Kürzlich hat er seinen ersten, eigenen Wettbewerb mit rund 40 Solisten und einer Band organisiert. «So viele Dudelsackspieler und Trommler in einem öffentlichen Park hat man in New York schon lange nicht mehr gesehen.»
Gerhard Stübi nahm mehrmals mit einer Band an den grossen Paraden am irischen St. Patrick’s Day und am schottischen Tartan Day teil. «Sie waren für mich stets die Höhepunkte des Jahres. Es ist schon eindrücklich, auf der Fifth Avenue zu marschieren und vor Tausenden von Leuten zu spielen», so der Heimweh-Hölsteiner.
In New York gebe es viele irischstämmige Einwohner, etwas weniger schottische. In diesen Kreisen und Organisationen spiele der Dudelsack eine wichtige Rolle, im täglichen Leben jedoch habe er mit Ausnahme der beiden Paraden keine grosse Bedeutung. «Ich liebe den Ton und es erfüllt mich mit Freude, wenn ich einen Dudelsack höre. Dies war auch der Grund, warum ich angefangen habe, Stunden zu nehmen.» Der Dudelsack sei jedoch kein Instrument, mit dem man in einer Wohnung üben könne. «Früher ging ich meist in einen abgelegenen Park, möglichst weit weg von den Leuten. Heute kann ich zum Glück in meinem Büro üben, nach 17 Uhr bin ich meist der Einzige im Gebäude.» Er übe alles Mögliche, bestimmte Notenfolgen über die ganze Tonleiter und natürlich ganze Stücke. Zum Aufwärmen spiele er meist den «Minstrel Boy Set» oder den «Mairi’s Wedding Set», die auch an Paraden zu hören seien. «Am Anfang gefiel mir ‹Scotland the Brave› am besten; generell sogenannte ‹Pibrochs›, also alte klassische Dudelsackstücke, die über Generationen weitergegeben wurden.»

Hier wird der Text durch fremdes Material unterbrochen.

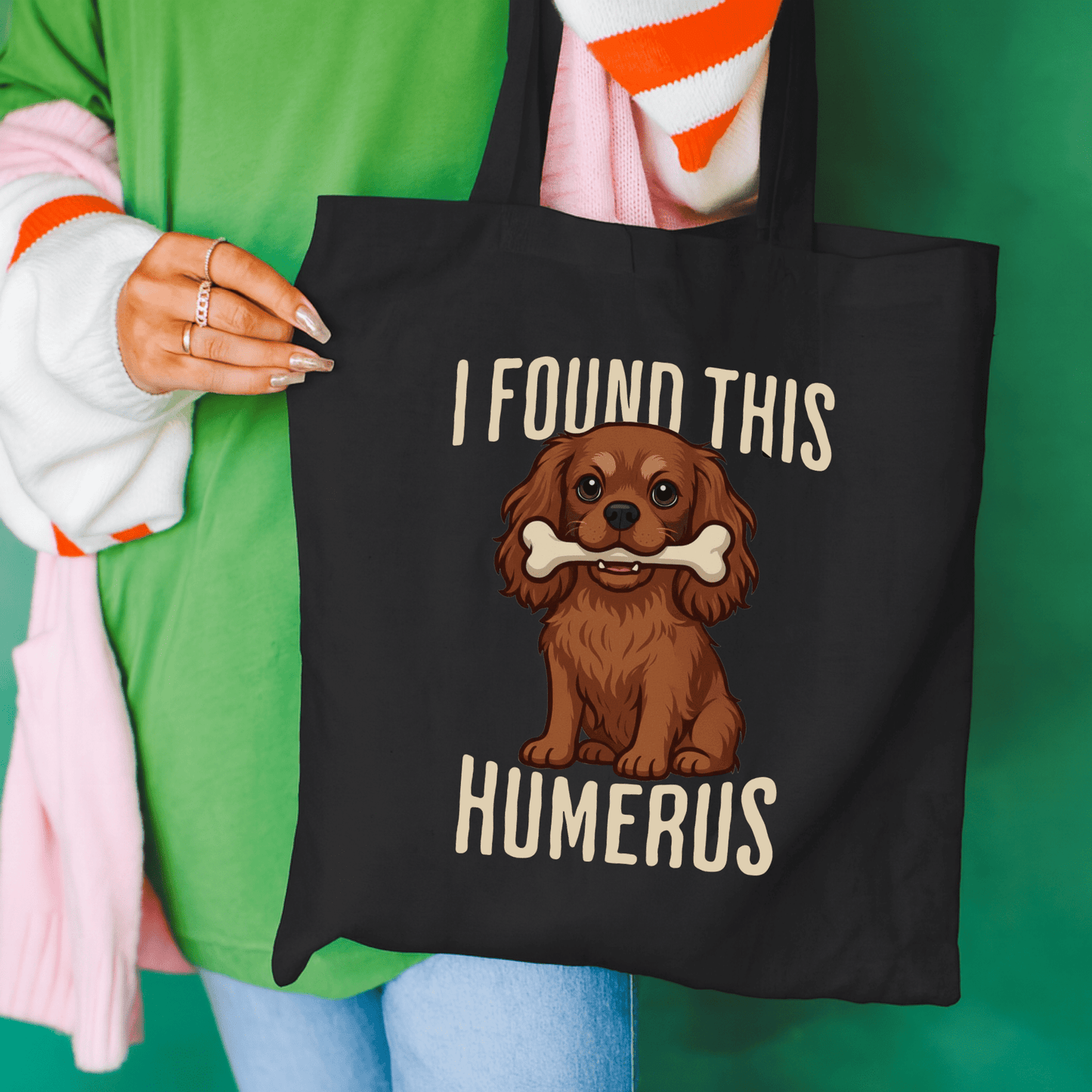 Ruby Cavalier Humerus Tote Bag Black 15" x 16"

Keine Stadt für alte Menschen
Die Frage, wo er sich unbedingt noch verbessern möchte, beantwortet er mit einem Witz, der in New York kursiert: Wie komme ich am schnellsten zur Carnegie Hall (dort spielen die besten Musiker und Orchester)? Alle Leute überlegen krampfhaft und geben dann eine komplizierte Wegbeschreibung. Die richtige Antwort lautet: üben, üben, üben!

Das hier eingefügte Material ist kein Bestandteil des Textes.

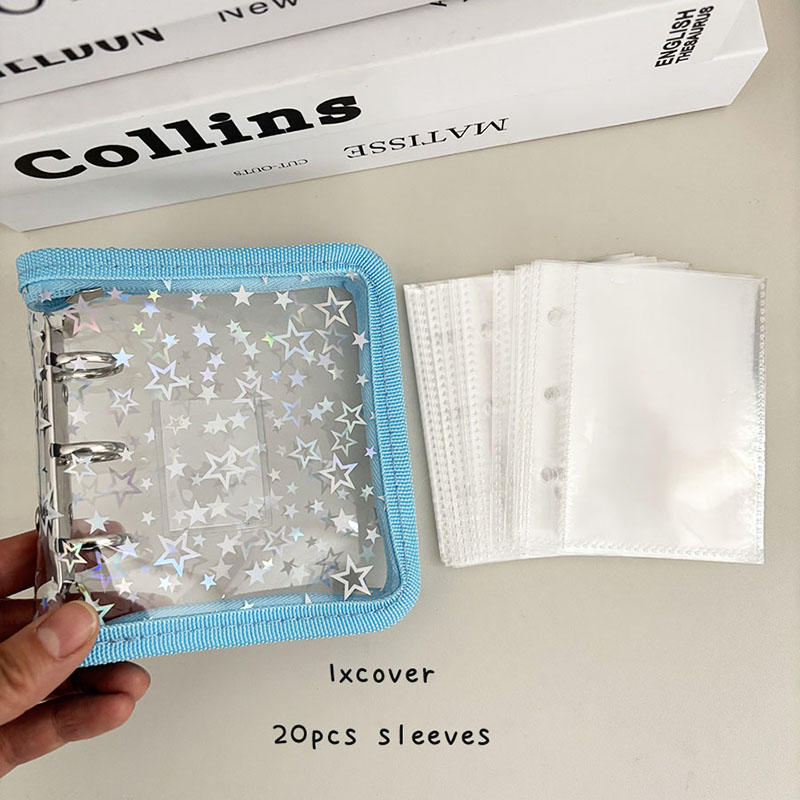 Mini PVC 3-Ring Binder Laser Star Design Zipper Closure Transparent Album For Photo Card Storage Memory Keeping Collecting Exquisite Fast Delivery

Der 57-jährige Gerhard Stübi tönt an, in rund zwei Jahren wieder in die Schweiz zurückzukehren. Als er 1997 in die Grossstadt gezogen sei, habe ihn die Energie der Stadt fasziniert. «Ich hatte das Gefühl, dass man hier Ideen umsetzen kann. Der Markt in der 8-Millionen-Stadt ist einfach viel grösser als beispielsweise in Basel.» Heute fühle sich das Leben manchmal wie ein Kampf an. Alle seien gestresst und es sei hektisch, niemand nehme Rücksicht und man komme nirgends wirklich zu Ruhe. Man sei Teil eines Ganzen, auf das man keinen grossen Einfluss habe. Und New York sei definitiv keine Stadt für alte Menschen.
Wie es in der Schweiz mit Dudelsackspielen weitergeht, lässt Stübi offen. «Ich werde sicher weiterhin Stunden via Skype nehmen mit meinem Lehrer in den USA. Und natürlich üben, üben, üben.»